UK property values fell by two per cent in first half of 2012

 

Property values fell by two per cent in the first six months of 2012, as austerity measures at home and political wrangling in the Euro zone continued to stifle growth outside of London.

Total return in June remained positive, at 0.1 per cent, but capital values fell by a further 0.5 per cent, according to the IPD UK Monthly Property Index.

Rental growth remained flat for the month, as occupier demand, depressed by the government’s austerity cuts, remained lacklustre. In the last six months average rents fell by only 0.1 per cent at the all property level, but this was buoyed by relatively strong growth in the office sector. The hard hit retail sector, in comparison, saw rents fall by a further 0.4 per cent.

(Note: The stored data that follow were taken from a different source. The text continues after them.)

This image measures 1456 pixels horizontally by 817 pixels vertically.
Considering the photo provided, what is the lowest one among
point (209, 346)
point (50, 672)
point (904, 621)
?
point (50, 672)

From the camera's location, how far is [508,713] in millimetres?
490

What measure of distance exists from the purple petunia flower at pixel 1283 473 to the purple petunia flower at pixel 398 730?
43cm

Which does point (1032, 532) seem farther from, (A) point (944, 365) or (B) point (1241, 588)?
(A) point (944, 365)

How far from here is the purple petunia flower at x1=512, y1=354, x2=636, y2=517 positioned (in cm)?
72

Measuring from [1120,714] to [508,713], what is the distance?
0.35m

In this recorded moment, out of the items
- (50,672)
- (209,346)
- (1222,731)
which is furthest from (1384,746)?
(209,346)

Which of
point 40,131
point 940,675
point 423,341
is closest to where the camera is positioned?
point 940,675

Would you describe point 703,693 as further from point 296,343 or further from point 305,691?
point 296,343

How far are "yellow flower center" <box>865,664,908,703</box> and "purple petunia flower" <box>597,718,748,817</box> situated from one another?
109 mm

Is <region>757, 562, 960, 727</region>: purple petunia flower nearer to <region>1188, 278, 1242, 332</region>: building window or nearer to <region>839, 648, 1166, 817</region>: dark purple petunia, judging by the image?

Phil Tily, managing director of IPD UK and Ireland, said:

“It has been a difficult six months for the UK real estate industry, with the UK falling back into a mild recession, and values continuing to fall outside of the capital. Unfortunately, for as long as the wider economic situation remains difficult, the property industry will have to wait a little longer before the recovery gets back underway.”

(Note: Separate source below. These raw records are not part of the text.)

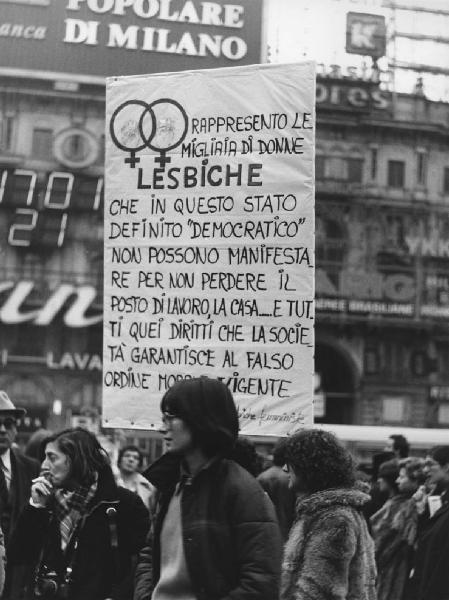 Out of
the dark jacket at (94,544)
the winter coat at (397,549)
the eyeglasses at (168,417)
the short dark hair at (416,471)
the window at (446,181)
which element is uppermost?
the window at (446,181)

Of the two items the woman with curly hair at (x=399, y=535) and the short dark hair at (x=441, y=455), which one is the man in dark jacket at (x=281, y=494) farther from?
the short dark hair at (x=441, y=455)

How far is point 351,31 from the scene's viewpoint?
151ft

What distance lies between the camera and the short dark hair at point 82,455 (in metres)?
5.00

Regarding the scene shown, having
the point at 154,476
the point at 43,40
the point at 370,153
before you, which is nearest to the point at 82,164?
the point at 43,40

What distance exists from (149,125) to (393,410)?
128 ft

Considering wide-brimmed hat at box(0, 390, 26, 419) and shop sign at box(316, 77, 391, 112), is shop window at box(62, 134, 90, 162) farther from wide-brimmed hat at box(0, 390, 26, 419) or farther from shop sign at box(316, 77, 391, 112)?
wide-brimmed hat at box(0, 390, 26, 419)

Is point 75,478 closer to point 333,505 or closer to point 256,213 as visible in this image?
point 333,505

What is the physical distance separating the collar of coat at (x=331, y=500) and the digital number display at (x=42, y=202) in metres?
38.3

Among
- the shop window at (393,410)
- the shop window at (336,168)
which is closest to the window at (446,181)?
the shop window at (336,168)

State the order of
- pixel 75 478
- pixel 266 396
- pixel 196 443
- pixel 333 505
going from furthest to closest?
pixel 266 396, pixel 75 478, pixel 333 505, pixel 196 443

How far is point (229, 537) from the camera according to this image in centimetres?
375

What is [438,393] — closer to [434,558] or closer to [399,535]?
[399,535]

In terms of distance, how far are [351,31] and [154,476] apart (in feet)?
142

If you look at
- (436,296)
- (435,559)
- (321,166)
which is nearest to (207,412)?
(435,559)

Despite UK regional values declining, offices outside of the south east have an average initial yield of 7.5 per cent, whilst industrial units in delivered 7.6 per cent – a considerable premium on the 4.5 per cent available in central London, or the 2.3 per cent of UK gilts.

“There are still opportunities in the market, and property does still have a lot to offer investors – especially in comparison to the volatility of equities, and the low yields of gilts – and in a market of flat or negative growth, the income offered on property is its greatest asset,” says Tily.

“Heavily discounted assets can potentially offer significant income premiums to investors priced out of London – if they are prudent with their asset selection, and willing to invest heavily in active management.”